In just over 24 hours so far in Poland, I have visited dozens of sites that attest to both the majestic Jewish civilization that flourished here for hundreds of years, and its brutal annihilation over a few short months.
In Treblinka, I walked the same steps hundreds of thousands of Jews from across Europe walked on their way to the gas chambers. Just a few hours away, in Lublin, we toured the grand Art Deco-style Chachmei Lublin Yeshiva, an impressive institute for learning that trained Jewish scholars from 1930 until the Nazis desecrated it and sent its students to their deaths a decade later. Today, the yeshiva is still a synagogue and Beit midrash (as well as a hotel and kosher restaurant).

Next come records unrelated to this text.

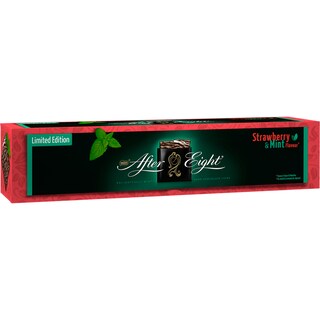 After Eight | Praline cu aroma de menta si capsuni 400g
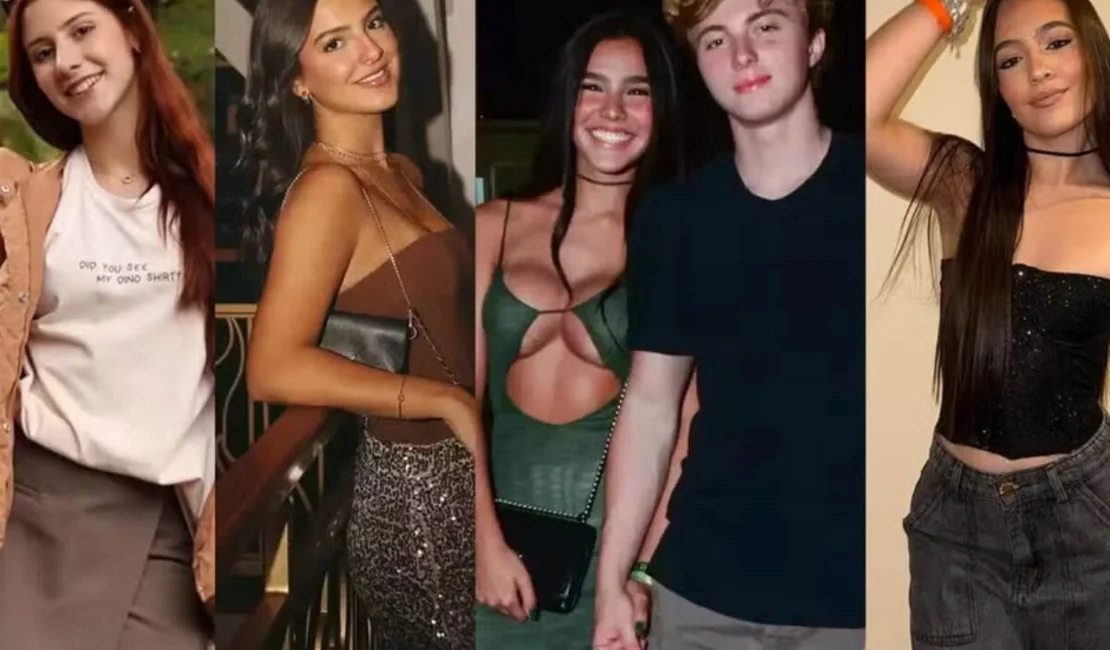 Entenda a briga da nora de Angélica com influenciadoras
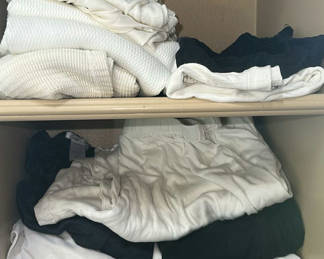 Lot 86: Assorted Women’s Clothing Lot Including Cuddl Duds, Elan, and Alore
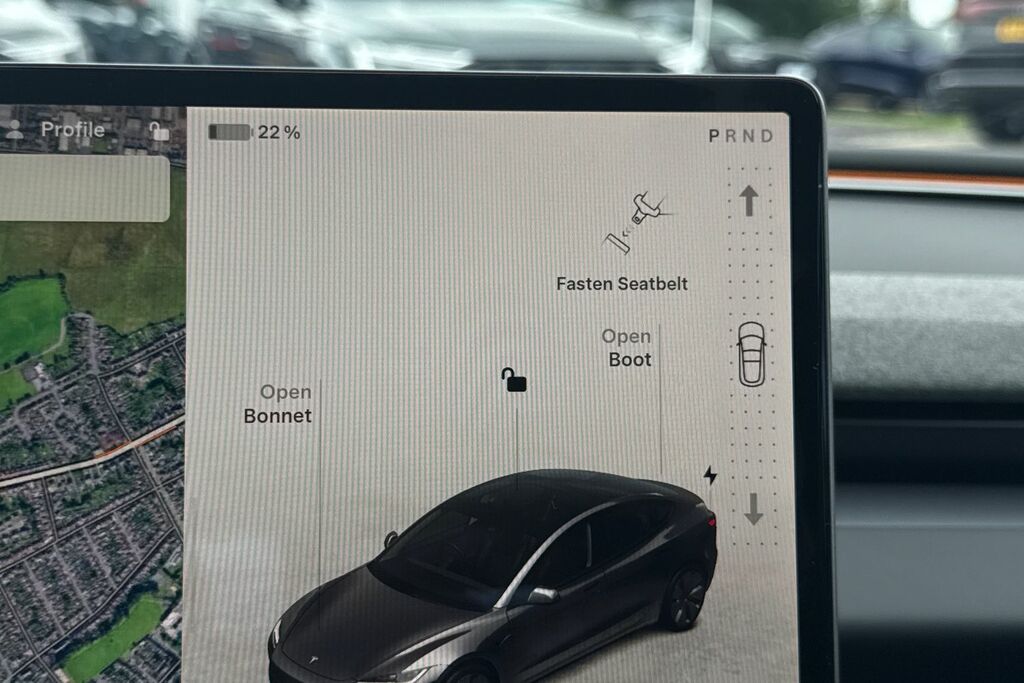 Tesla Model 3 Rwd 4dr Auto White #22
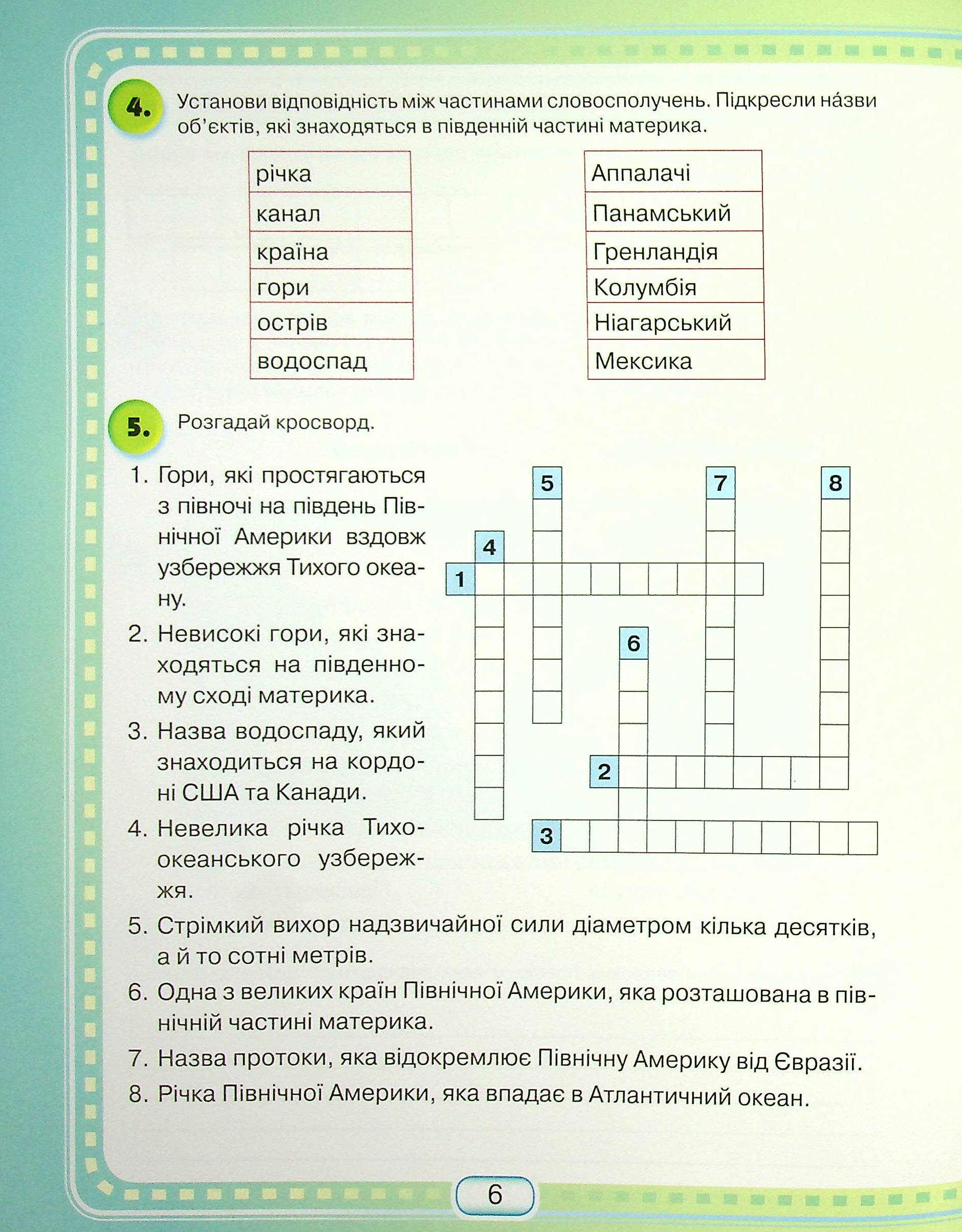 Я досліджую світ. Робочий зошит. 4 клас. У 2-х частинах. Частина 2 — фото 7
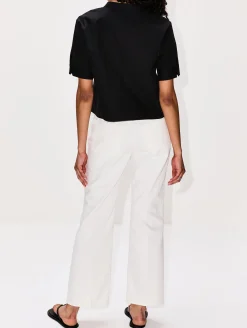 Cara Short Sleeve Top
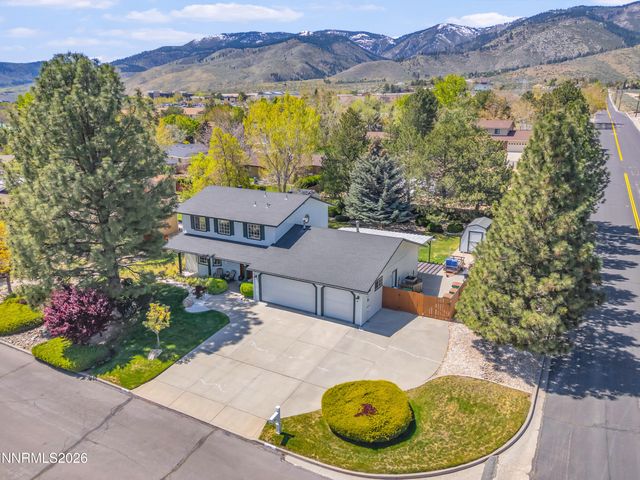3288 Dartmouth Court, Carson City, NV 89703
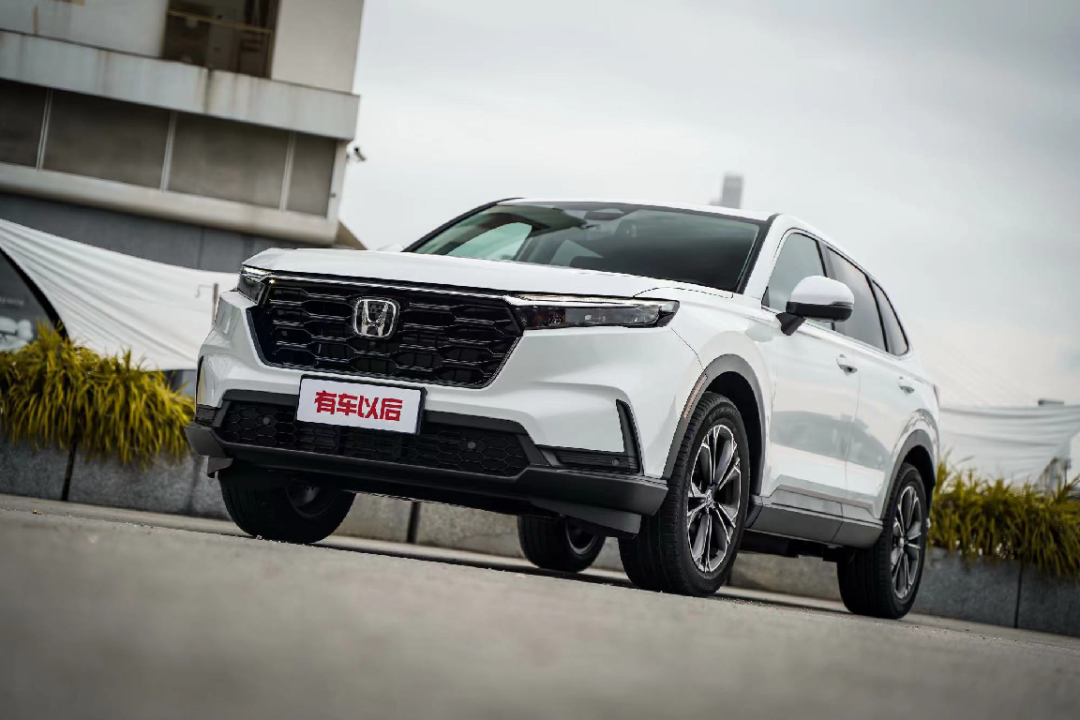 东风本田CR-V：年销21万台的秘密武器是？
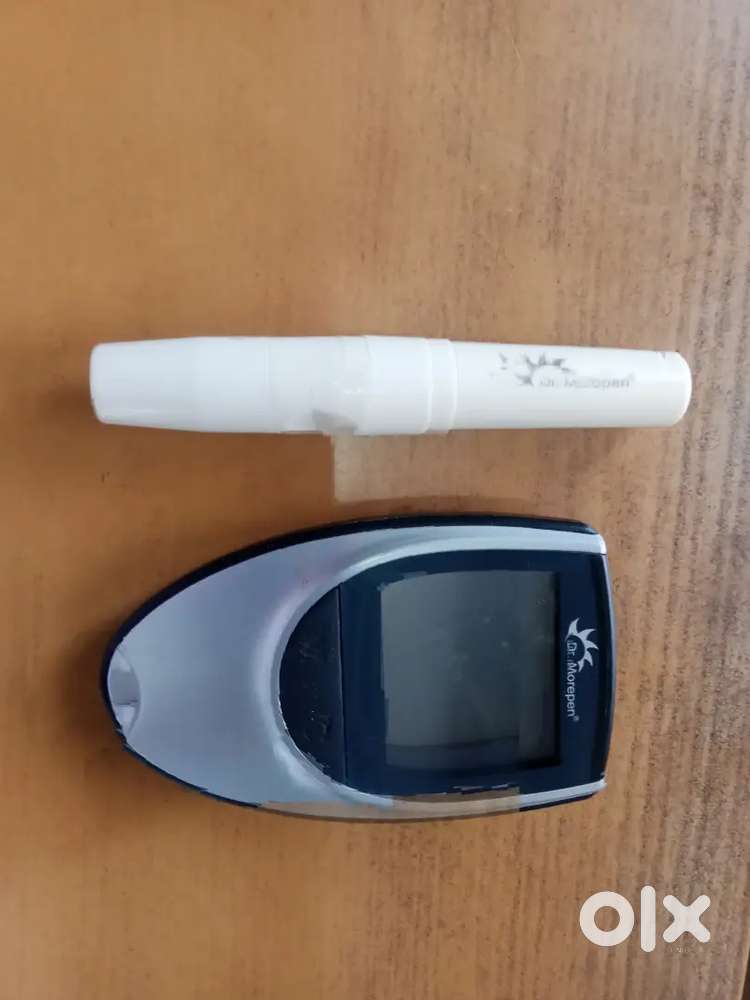 Guluco meter two sets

But perhaps the most moving visit so far was to Tiktin (Tykocin), a small town in northeast Poland with a Jewish community dating back to the early 16th Century. In August 1941, Nazis, aided by Polish police, rounded up the towns 1,400 Jews and massacred them in the forest – the largest single massacre by shooting of Jews during the war.
Among the victims were many family members of our own Michael Zaransky, may their memories be a blessing. I learned a Hebrew term I didn’t know before: קבר אחים means “mass grave” but translates literally to “grave of siblings” – an appropriate description.
Here I am pictured in the newly restored synagogue in Tiktin with JUF Scholar-in-Residence Rabbi Yehiel Poupko and Chief Public Affairs Officer (and CBS friend) Dan Goldwin.
And pictured here we are at the memorial site at the mass grave, where I am reading from a Yizkor book listing the victims names, including many Zarenskys.
It is a blessing to be here, despite the heaviness. I’ll share more soon.